During his long and distinguished academic career, Robert Bellah, emeritus professor of sociology at Berkeley, introduced concepts that have shaped the way in which we think of the roles of religion in modern society. His analyses of American civil religion in Varieties of Civil Religion (1970) and The Broken Covenant (1975) and of cultural shifts in social cohesion Habits of the Heart (1985) have become familiar classics. In addition, Bellah has contributed important studies detailing the complex religious landscape of pre-industrial Japan in Tokugawa Religion (1957) and modern times, Imagining Japan (2003).
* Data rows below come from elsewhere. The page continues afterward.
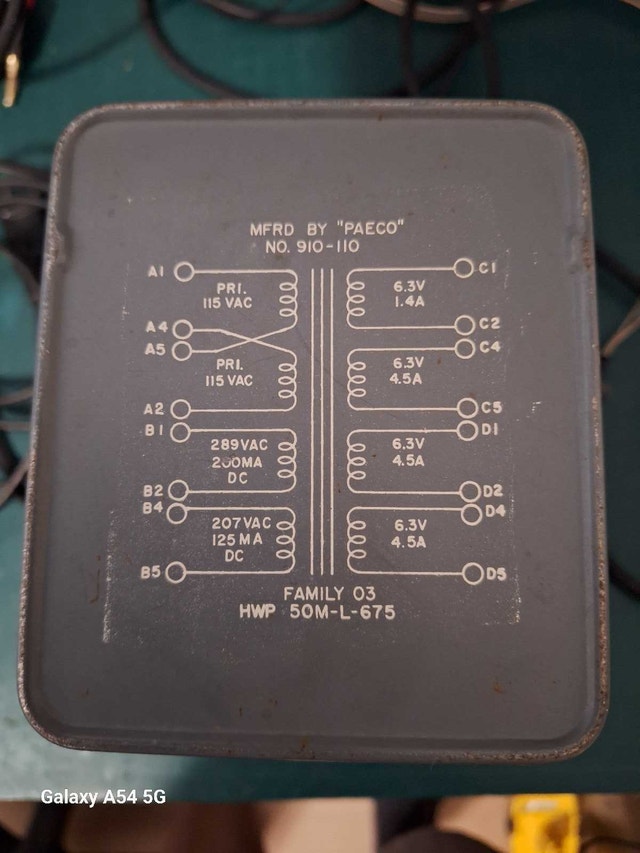power transformer for tube amp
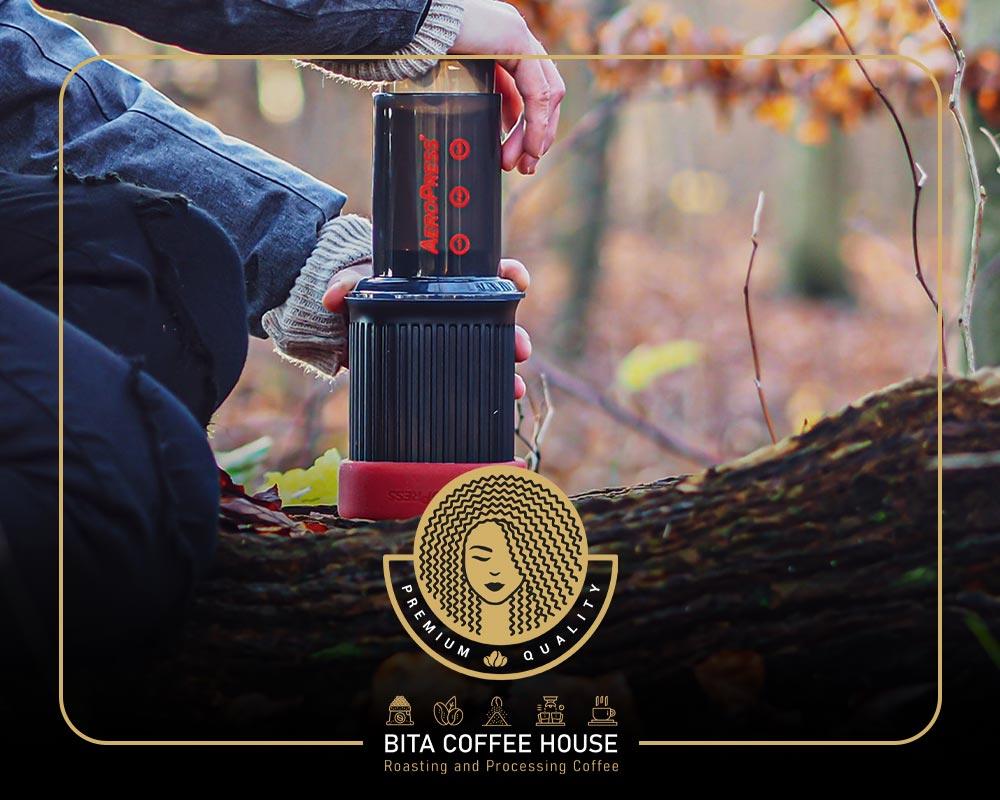 دم آوری قهوه با آئروپرس - AeroPress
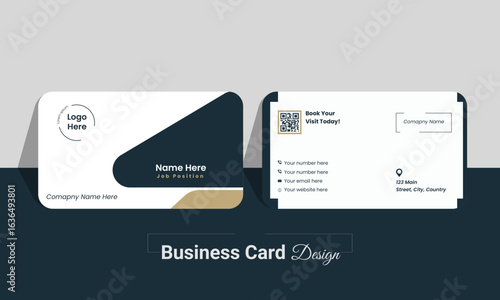 Modern Minimalist Business Card Template. Clean Professional Design for Corporate Branding.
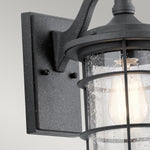 Kichler Outdoor Wall Light from the Royal Marine range. Royal Marine 1 Light Small Wall Lantern Product Code = KL-ROYAL-MARINE2-S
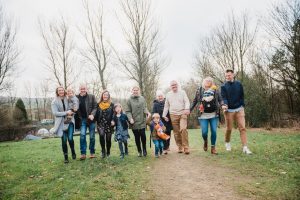 family running towards the camera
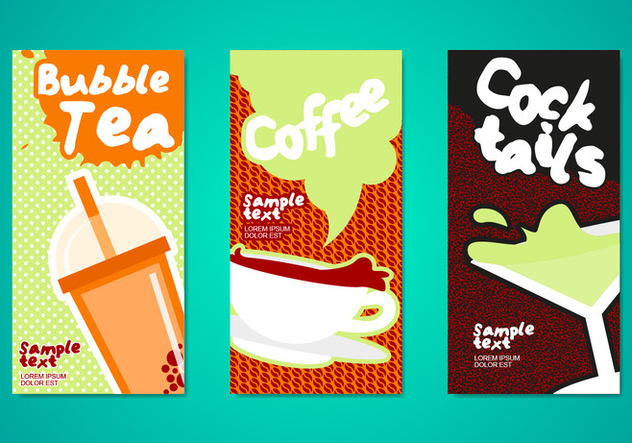 632x443 Bubble Tea Drinks Flyers Template Free Vector Download 362255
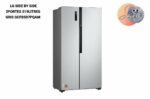 Réfrigérateur LG SIDE BY SIDE 2PORTES 519LITRES GRIS GCFB507PQAM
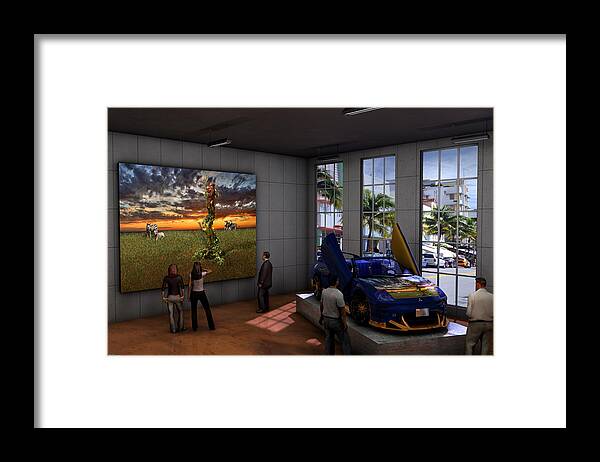 3d Framed Print featuring the digital art The Pack- Underground by Williem McWhorter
This new volume, some 13 years in the writing, departs from sociological analysis of modern or well-documented societies to engage questions concerning religious activities and perceptions from the origins of human societies to a watershed period in the second half of the first millennium B.C.E.
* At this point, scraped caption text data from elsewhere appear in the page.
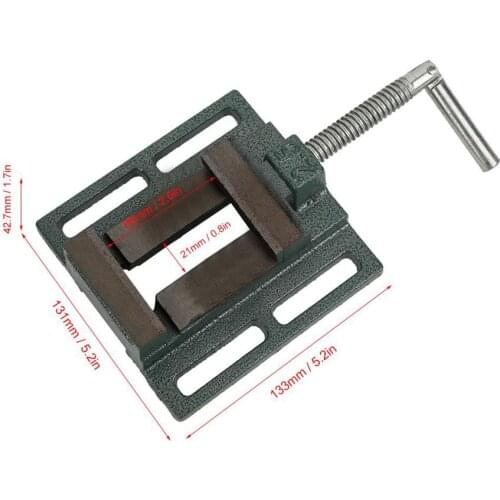 Vice Clamp Lock Down Vise High Accuracy Milling Clamping Drilling Machine Bench Clamp Tools 2.5in Table Vise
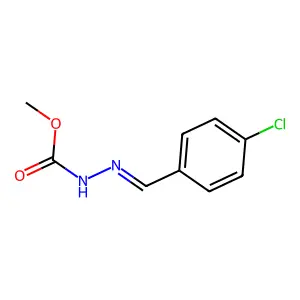 Hydrazinecarboxylic acid, [(4-chlorophenyl)methylene]-, methyl ester structure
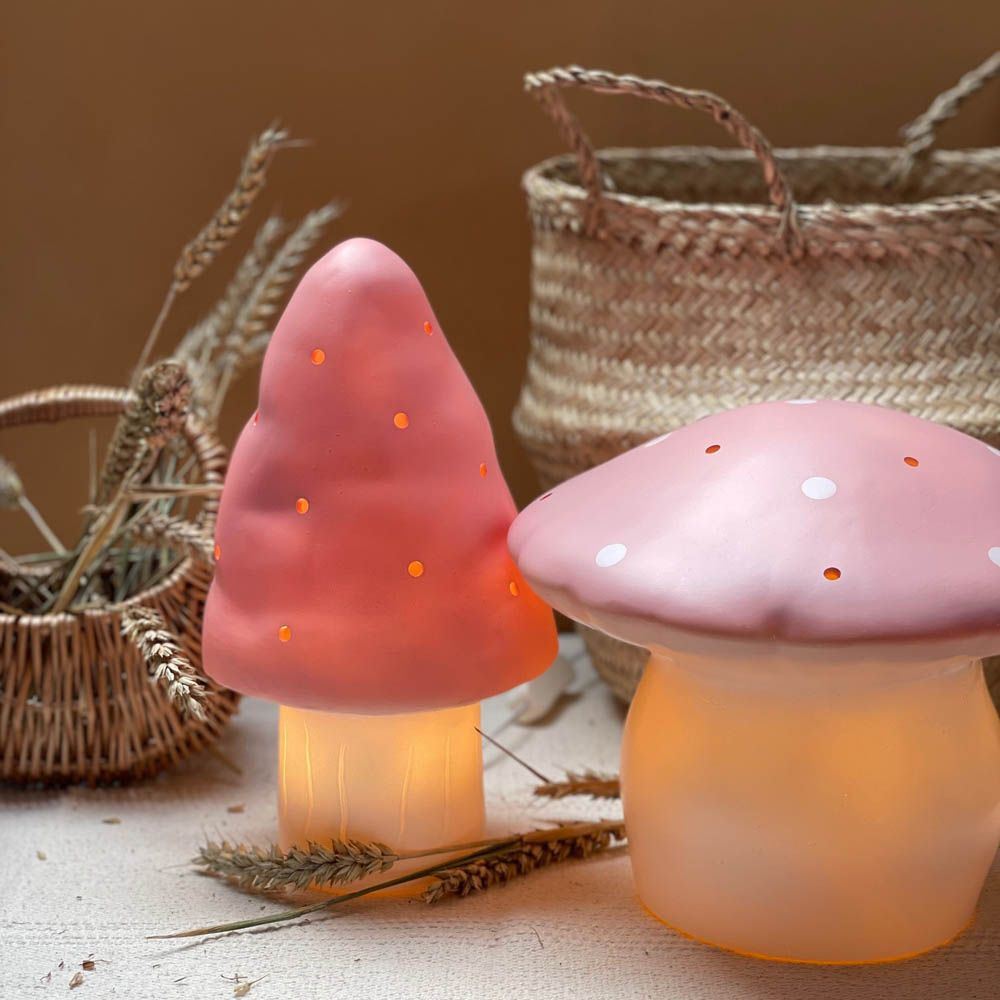 Lampada Egmont fungo vintage rosa + dim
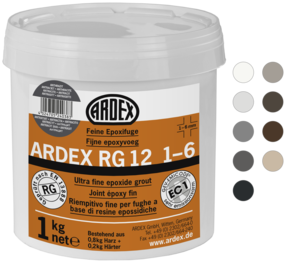 Smalkais epoksīda šuvotājs ARDEX RG12 1-6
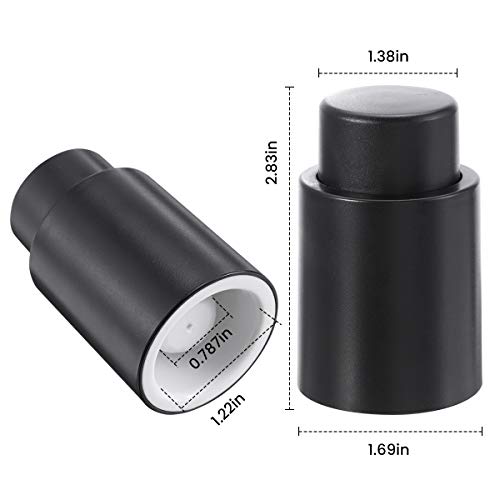 3 Pack LIUMY Vacuum Wine Stopper, Reusable Wine Preserver for Bottle Red Wine, Keep Fresh & Good Optimum Taste for Wine, Best Gift/Tools for Wine Lovers.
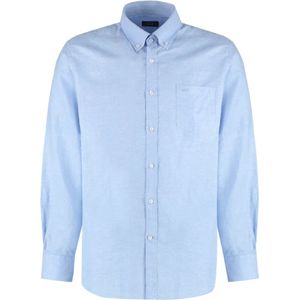 Paul & Shark, Heren, Overhemden, Blauw, Maat: 3XL Katoen,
Given the broad sweep of human history and culture that Bellah explores, he cannot embrace a single definition of “religion” that might be traced from one example to the next. He embraces multiple insights into the social functioning of religious symbolism from classical sociology of religion, contemporary anthropology, psychology of religion, child psychology and even theories of play among primates and humans. Three distinctive stages in psychological development recur in various guises throughout the book: (a) bodily acting out of religious meaning (mimesis); (b) symbolic use of visual icons and narratives (myth) and (c) cognitive, conceptual analysis (theory). The primacy of mimetic actions associates ritual behavior in primate and pre-linguistic human societies. Anthropological studies of ritual in primitive tribes from the central Brazilian Kalapalo and the Walbiri aborigines in Australia to the Navajo in the American Southwest demonstrate the stability of ritual as well as its social necessity.
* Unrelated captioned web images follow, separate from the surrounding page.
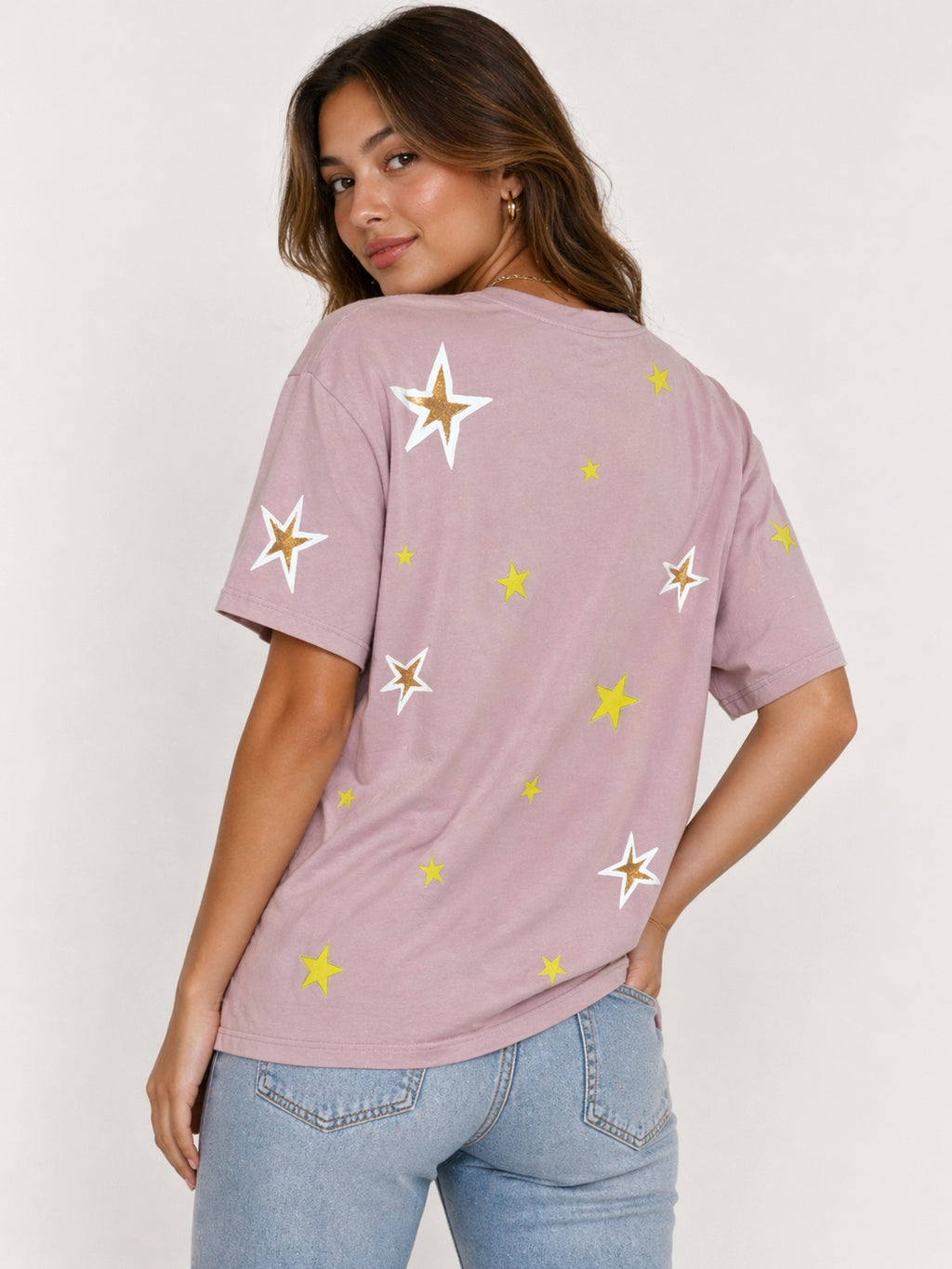 Made of Magic soft plum oversized Tee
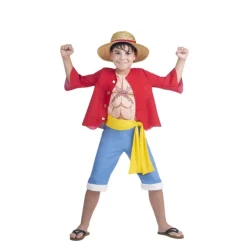 Disfraz de Luffy de One Piece para niño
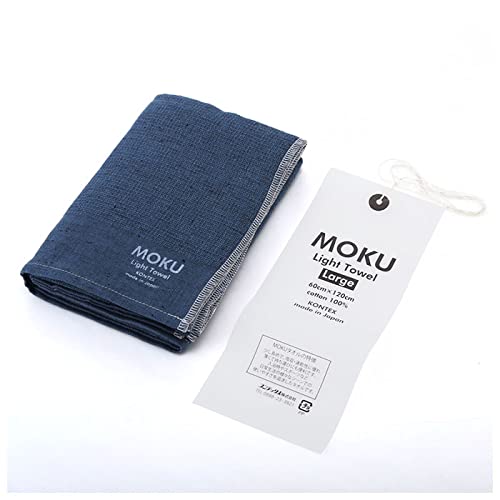 Imabari Contex MOKU Light Towel, Size L, Navy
The first major social reconfiguration saw humans shifting from small tribal groups, in which there were minimal distinctions of power and status, to states ruled by powerful kings, which incorporate distinctions between nobility and commoners. Bellah begins with Polynesia (Hawaii) before shifting to the emergence of empires in the Near East (Mesopotamia and Egypt) and China (Shang and western Zhou). The latter set up the case for Bellah’s primary focus, the axial age transitions represented by religious developments in ancient Israel, Greece, China and India. Bellah refers to these societies that have managed to unite tribes or small city states in larger territorial units as archaic.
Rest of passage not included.